SRINAGAR: In a bid to prevent tensions, authorities have banned a social studies book published by a private publisher for the seventh standard. While the Board of School Education has asked schools not to include the book in the syllabus, the civil administration in Srinagar has asked the police to register a case and take stern action against the publisher and the local distributor.

The book has a pictorial representation of the most revered figures in Islam. Muslims across the globe and history have taken acts of visual depictions of revered figures as blasphemy.

Acting on communication received from Chief Education Officer Srinagar vide No. CEO/Sgr/IMW/11499-11500/21 dated December 5, 2021, additional district magistrate Dr Syed Haneef Balkhi has termed the content as “sensitive nature” and has named publisher as Jay-Cee Publications (P) Ltd, New Delhi and local distributor as Paradise Book Shop, Parraypora, Srinagar.
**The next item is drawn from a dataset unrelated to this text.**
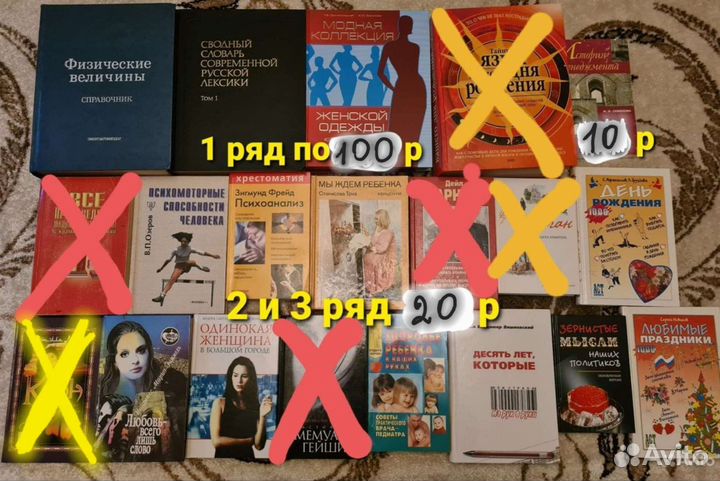 Книги разные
The controversy came to the fore when the academic community found pictorial representations of Islam’s revered figures on page 33 of the book titled Jay Cee’s ICSE History & Civics Forever.
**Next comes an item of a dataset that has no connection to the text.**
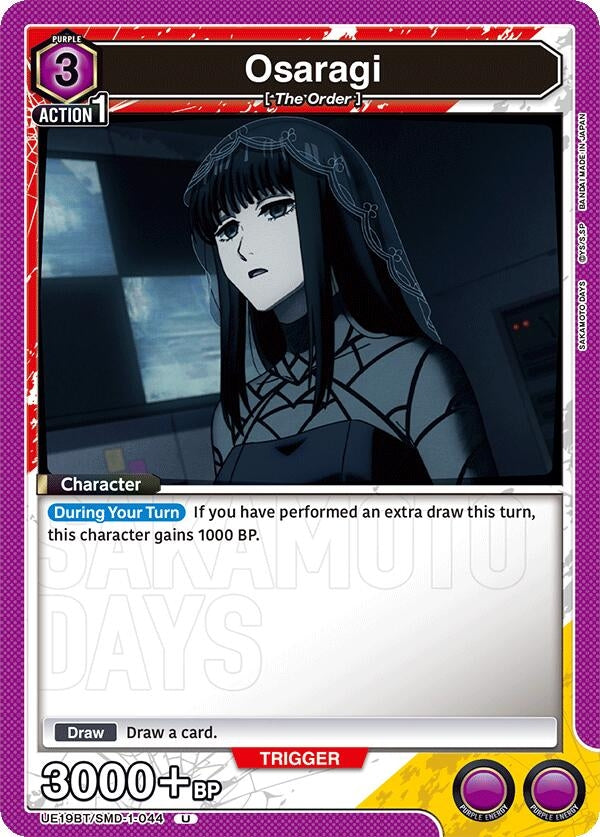 Image for Osaragi (044) (UE19BT/SMD-1-044) (UE19BT: SAKAMOTO DAYS) (UE19BT) - Union Arena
According to the reports, the book for class 7th has been adopted by various private institutions operating in Srinagar. Acting upon the information, the Board of School Education has directed all schools in UT of Jammu and Kashmir and Ladakh “not to use textbook of History & Civics” edition of 2020 for class 7th published by Jay Cee publications, otherwise strict action as warranted under law shall be initiated.”
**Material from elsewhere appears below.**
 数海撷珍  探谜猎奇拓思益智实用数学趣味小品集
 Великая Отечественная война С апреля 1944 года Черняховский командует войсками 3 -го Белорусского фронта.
Under fire, the publisher has tendered an apology citing the reason as “lack of knowledge about the prohibition of pictuarisation in the Islam.” The Director of the publication, JC Goyal has said “we made an unintentional mistake in our book which has hurt religious sentiments of our brethren.” In his apology letter, Goyal has “regretted and assured not to repeat the mistake in future editions.”

Meanwhile, the private school association has called for a meeting on December 6 with booksellers and publishers to ascertain factual position over the issue.

Kashmir’s religious and political class has strongly reacted to the book and expressed concern. “Such irresponsible publications are hurtful and least helpful in preserving the values of dialogue and coexistence,” NC President, Dr Farooq Abdullah has said while condemning the hurtful drawings. “It seems that the government has thrown caution to the winds while dealing with such a sensitive subject. School books should be a beacon of respect, tolerance and peace that rejects practices and acts which are contrary to coexistence.”